He didn't actually want to hear this isn't working anymore out loud — from him or her.
In truth, all he wanted from her was some kind of acknowledgement, and maybe a promise that she'd try to put him first, even if it was once a week. All he wanted was to know that he still mattered to her — perhaps it was a selfish request, but it was what he needed.
The clock struck one, and still, he couldn't sleep. He wondered if Hermione had come home yet and discovered their bed empty. He wondered if it bothered her, or if she'd been too caught up in planning her next day to even notice. She was so sleep deprived lately that it wouldn't have surprised him if she'd simply collapsed into bed and fallen asleep without noticing her surroundings. Perhaps it wouldn't be until morning when she woke up and learnt of his absence.
Maybe then she'd understand.
Two o'clock came, and his eyes felt heavy. He tossed and turned and fretted. At one point he even considered getting up and going home, because he was worried that she'd fret over him not being there. But he fought against it, reminding himself that he had tried. It was her choice now.
Three o'clock and finally, he drifted off into a light sleep. He couldn't have been asleep for more than half an hour when the bedroom door opened and a blinding light burned through his eyelids.
"What the —"
"There you are! God, Ron, I was so worried about you. I was awake all night searching for you, thinking the worst…"

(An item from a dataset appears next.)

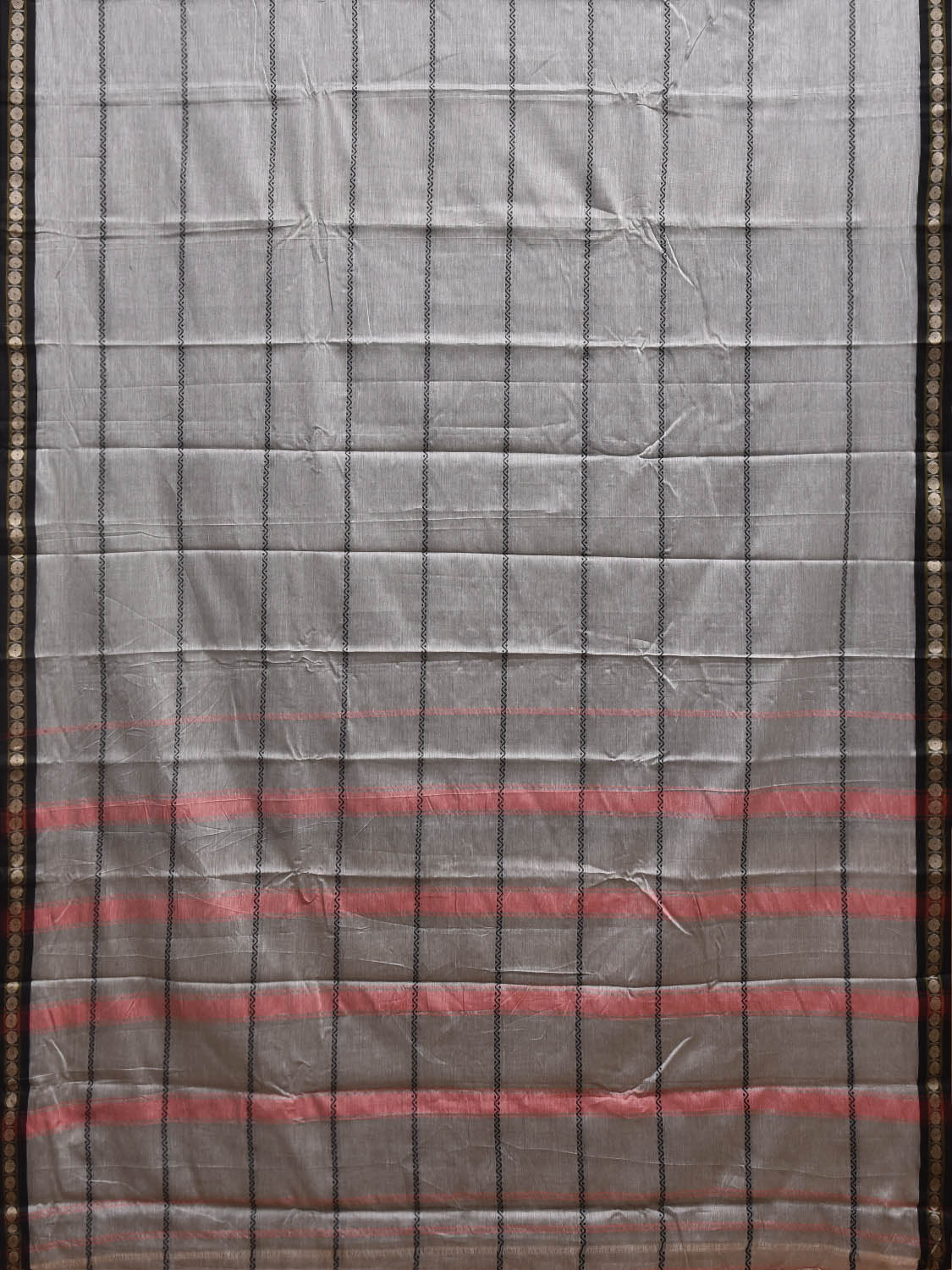 Light Grey Narayanpet Cotton Saree with Strips Design No Blouse np1351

Ron blinked. It wasn't Hermione's wand light, but the light of day shining through the window. She'd brushed the curtains aside, maybe in an attempt to wake him, as if her accusing voice hadn't been enough.
He opened his eyes, squinting at Hermione's head hovering above him. She looked worse for wear — more exhausted than she had all week — and extremely worried. When she saw his eyes open, she sat on the end of his bed.
"I got home, and you weren't there, and so I went looking for you, thinking you'd been hurt, or…"
"How could I get hurt between the Ministry and our flat?" Ron asked, and he heard the lack of emotion in his voice.
"I-I don't know," Hermione said, and she sounded concerned. "I was just so worried. And in the morning, I ended up at Grimmauld Place, thinking you were there for some reason, and Ginny said you were here… Ron… why didn't you come home?"
Ron said nothing. He was still recovering from being startled awake, not quite sure how he'd managed to sleep for at least four hours when it had only felt like one.
Hermioned seemed to take his silence to mean something more, for she said, "Have… have I upset you?" It sounded as if she was holding back tears.
Still trying to wake up properly, Ron sat up in the bed. He rubbed his eyes, bringing her into focus. "Upset me?"
She nodded, and he now saw that she really did look upset. He had to fight the urge to reach out and comfort her, which had always been his natural instinct when it came to her.
"Hermione, of course you've upset me." He couldn't quite believe that she was asking him that — as if nothing that had happened over the past week had even registered in her brilliant mind.
Hermione paled. She seemed confused. "May… may I ask why?"
For a moment, Ron could do nothing but stare at her. He could tell she was being serious, that she really didn't have any idea why he felt so angry and defeated. And then he felt his anger bubble. "You're kidding, right?"
"Ron —"
And now everything he'd held back, all of his frustrations, came tumbling out. "We literally haven't had a proper conversation in weeks!" he nearly shouted. "We haven't seen each other for just as long, and every time I even so much as suggest you come home in time for dinner, you act as if I've asked you to commit murder."
Hermione stiffened. Her back straightened, and her expression hardened slightly. He could almost hear her mind saying, not this again. "Ron, it's not like I want to stay as late as I am —"
"Really?" Ron asked unkindly. "Because I don't recall you ever telling me anyone is forcing you to stay back seven hours after your day finishes."
Hermione didn't say anything. She merely stared at Ron.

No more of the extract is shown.